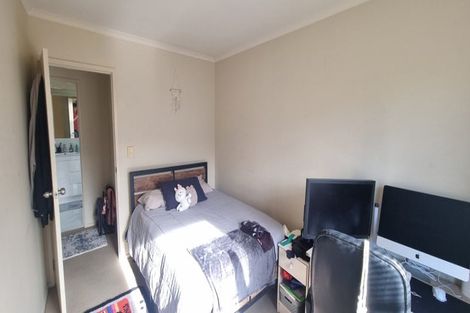 Photo of property in 47 Tiri Tiri Road, Birkdale, Auckland, 0626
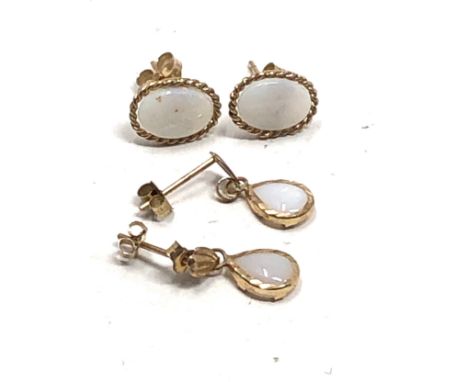 2 x 9ct gold vintage opal paired earrings  (1.3g) 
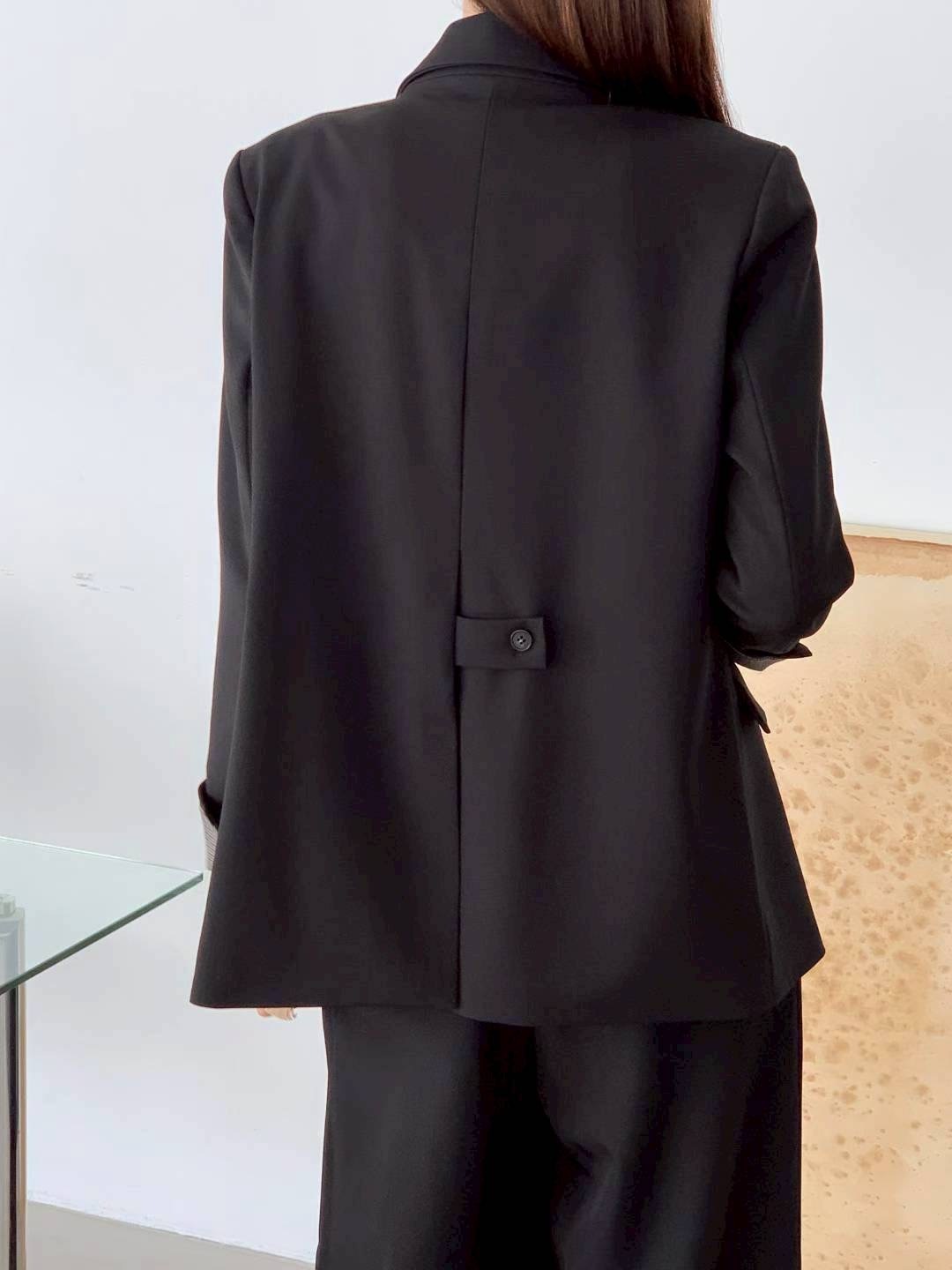 【現貨】韓系設計感西裝外套 格紋內裡反折袖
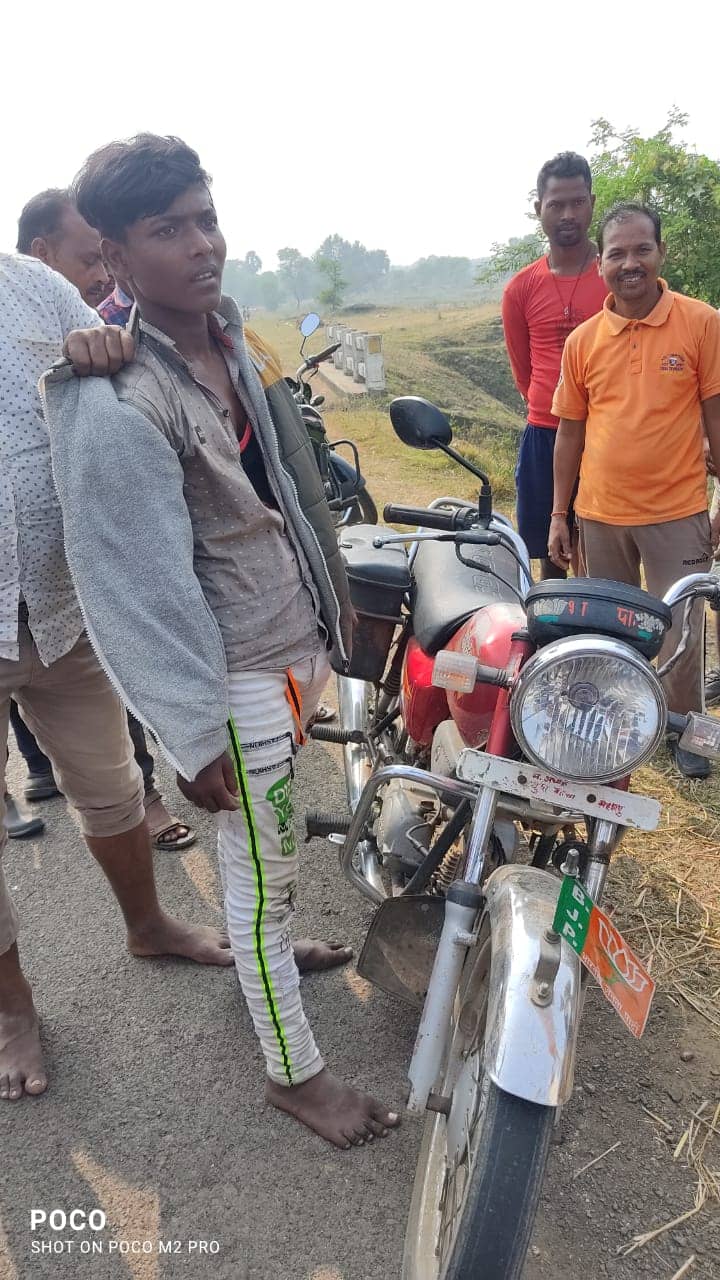 बाइक चोरी करते युवक को ग्रामीणों ने पकड़ा,  पुलिस के हवाले   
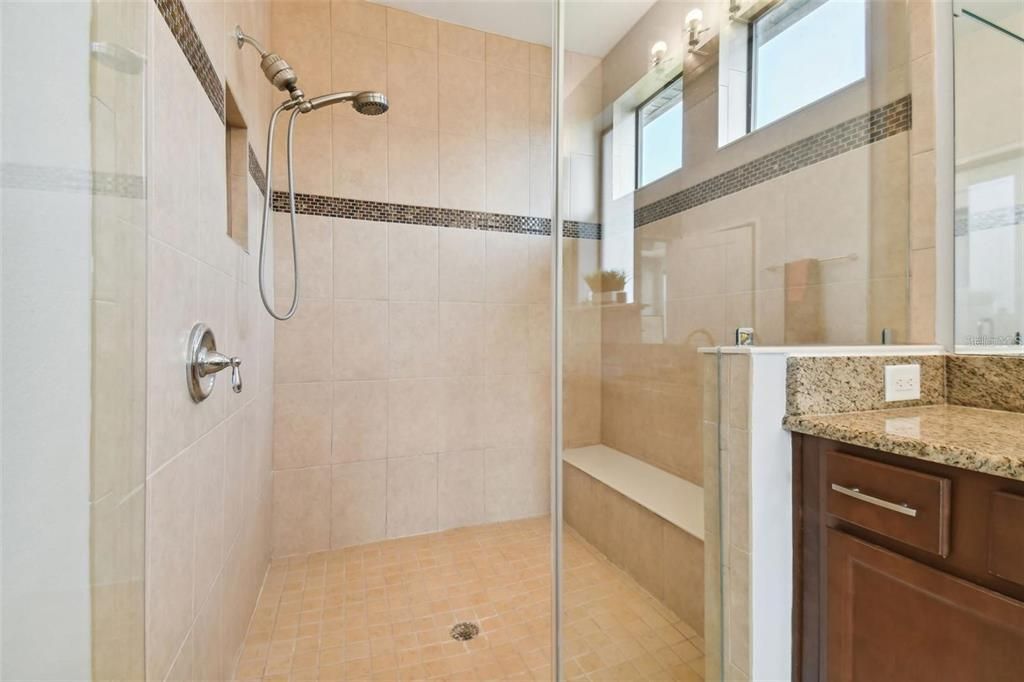 Activo con contrato: $500,000 (4 camas, 3 baños, 2379 Pies cuadrados)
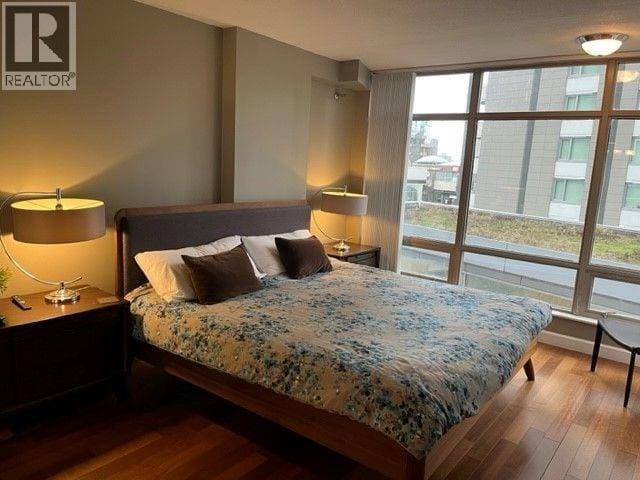 1288 Alberni St in Vancouver, BC - Building Photo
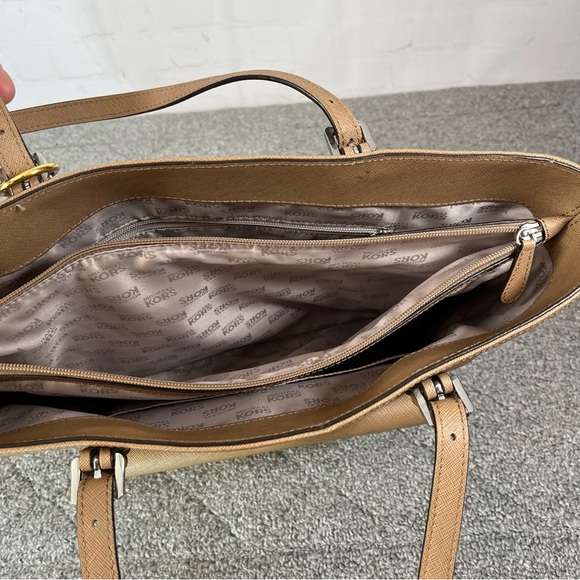 Michael Kors Tote Bag Tan/Camel Silver Accents Handled Bag Front Card Organizer - Picture 9 of 12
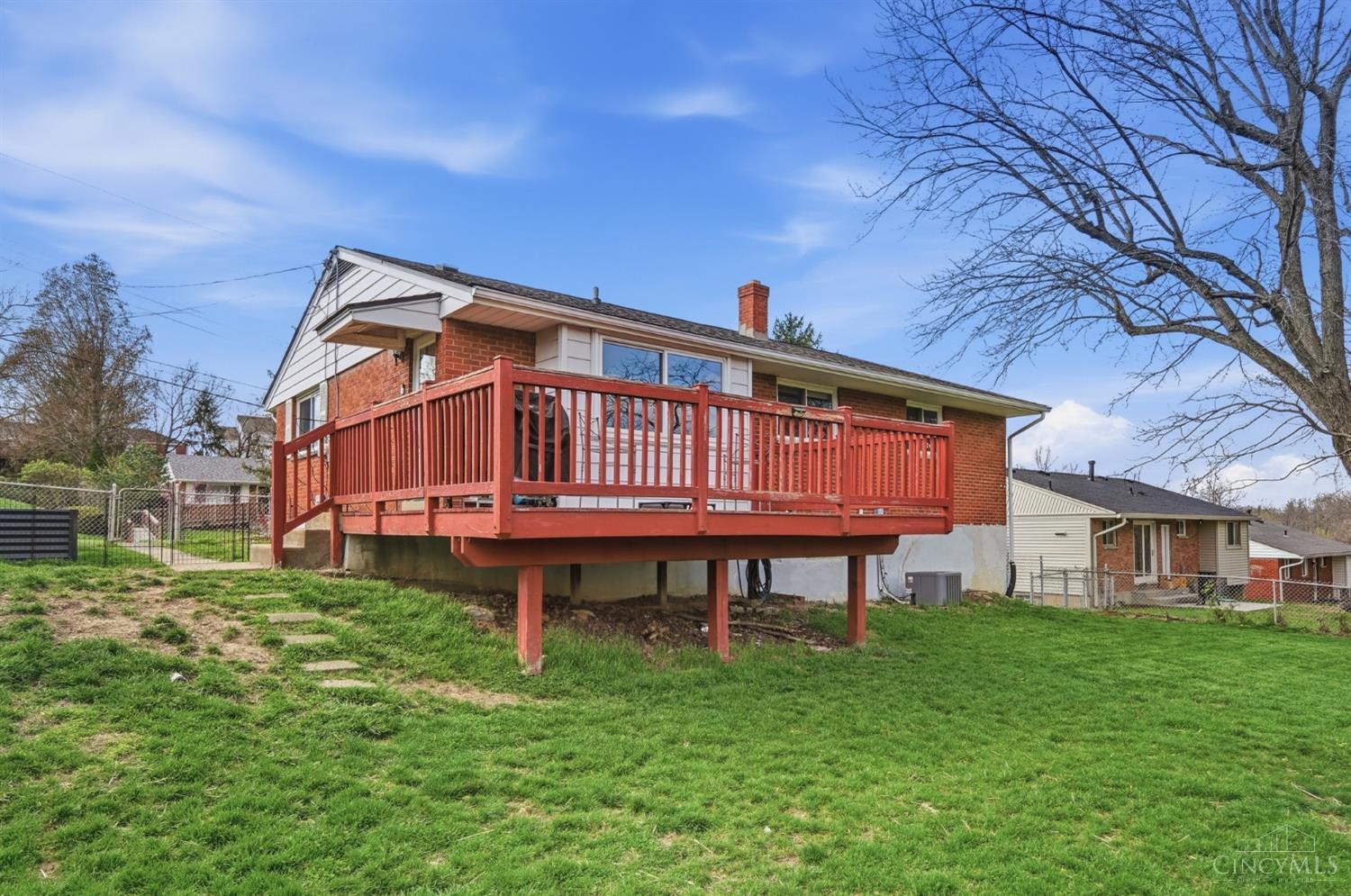 3916 Ridgecombe Drive Cincinnati, OH 45248 - Photo 52 of 58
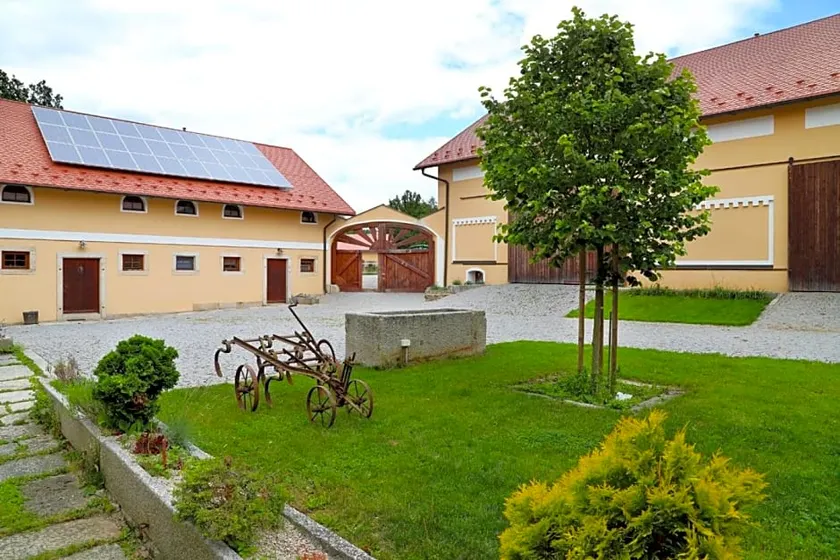 Statek Selský Dvur - Image 1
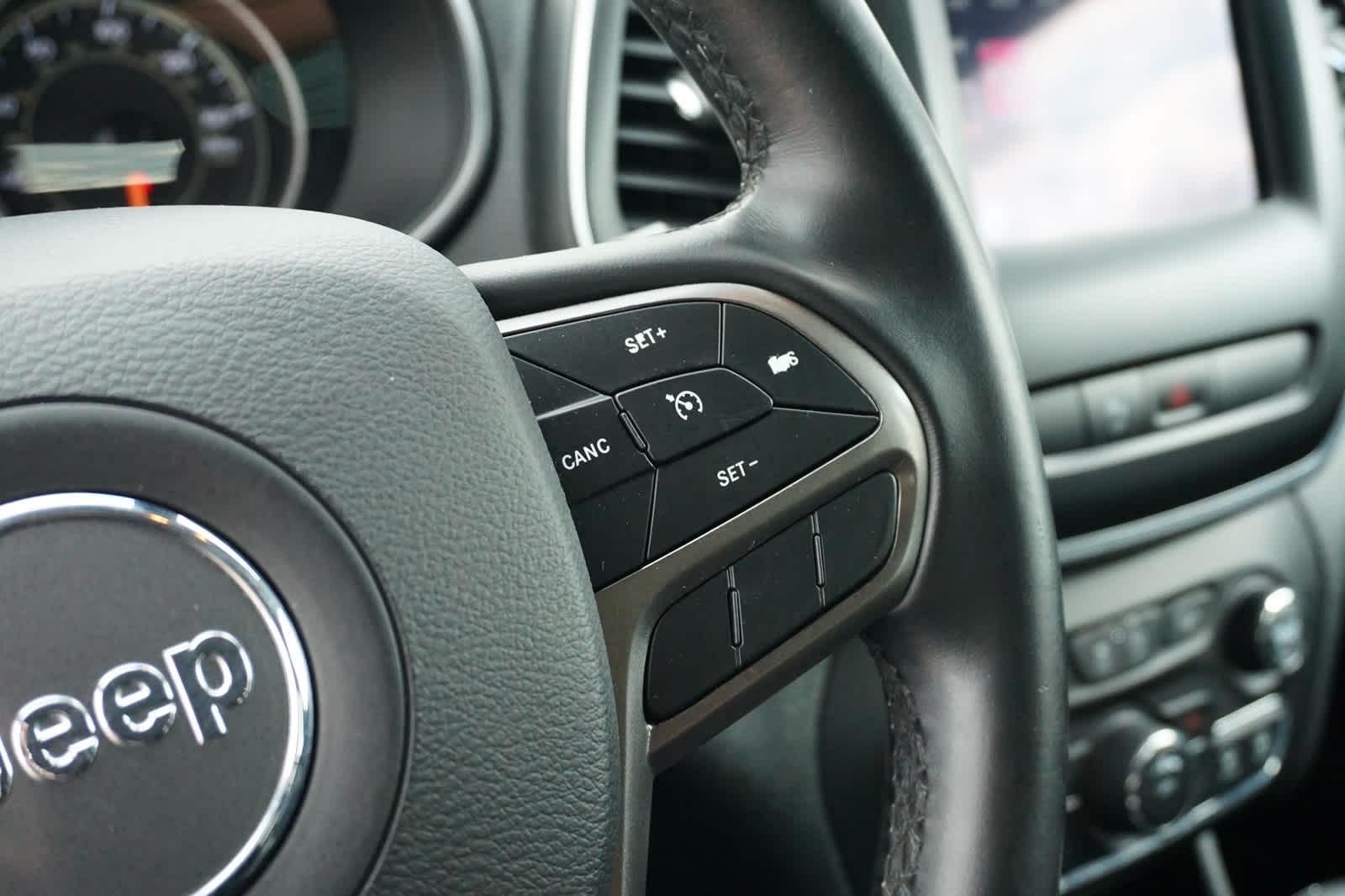 2019 Jeep Cherokee Latitude Plus FWD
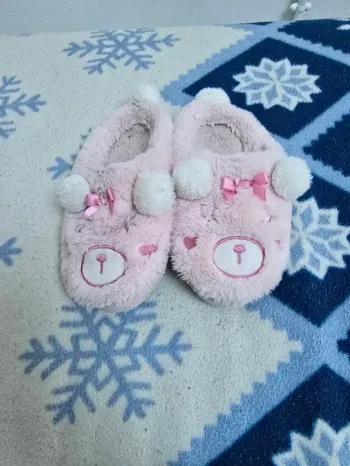 Chausson ours rose pointure 30 Bon état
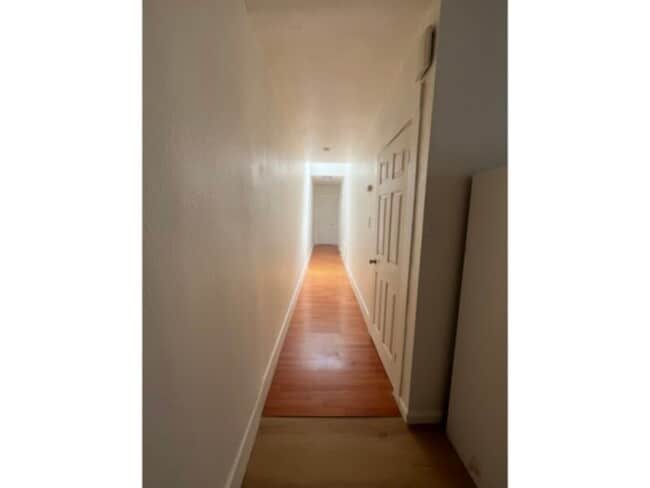 Building Photo - 2 Bedroom/ 1 bath Duet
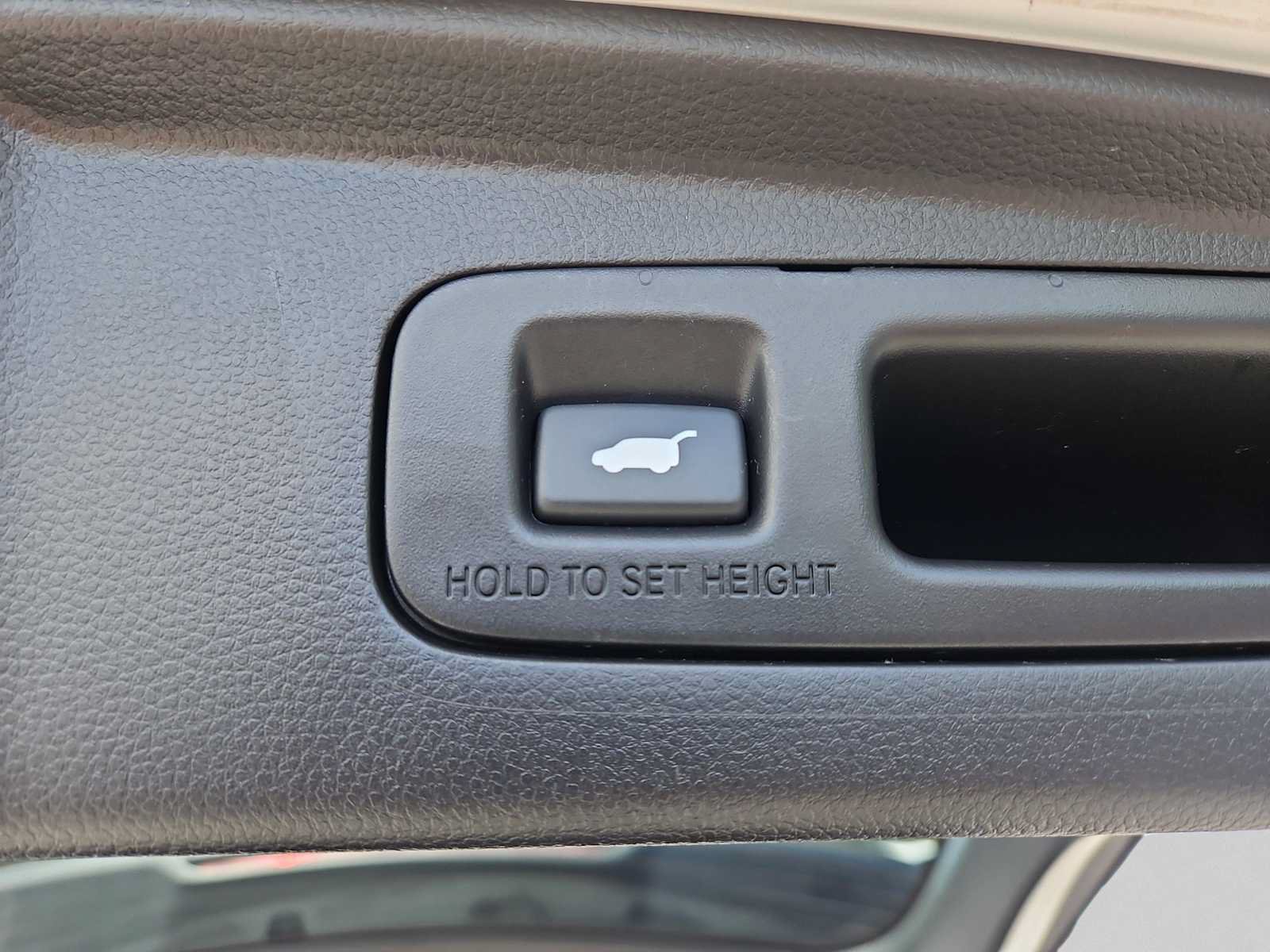Used 2024 Honda CR-V EX-L image 15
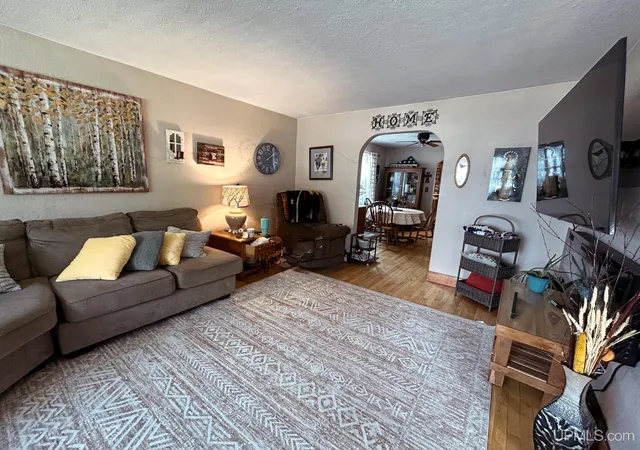 Photo 3 of Single family home for sale at 228 E Chocolay St, Munising, MI 49862 | MLS# 50216265 | Listing updated on 2026-08-24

· · ·

**Aim of the task**. The answer should contain nothing but the lines from the top of the data above through the line containing "Building Photo - 2 Bedroom/ 1 bath Duet", copied exactly, with no images.

**Your response**.
 Photo of property in 47 Tiri Tiri Road, Birkdale, Auckland, 0626
 2 x 9ct gold vintage opal paired earrings  (1.3g) 
 【現貨】韓系設計感西裝外套 格紋內裡反折袖
 बाइक चोरी करते युवक को ग्रामीणों ने पकड़ा,  पुलिस के हवाले   
 Activo con contrato: $500,000 (4 camas, 3 baños, 2379 Pies cuadrados)
 1288 Alberni St in Vancouver, BC - Building Photo
 Michael Kors Tote Bag Tan/Camel Silver Accents Handled Bag Front Card Organizer - Picture 9 of 12
 3916 Ridgecombe Drive Cincinnati, OH 45248 - Photo 52 of 58
 Statek Selský Dvur - Image 1
 2019 Jeep Cherokee Latitude Plus FWD
 Chausson ours rose pointure 30 Bon état
 Building Photo - 2 Bedroom/ 1 bath Duet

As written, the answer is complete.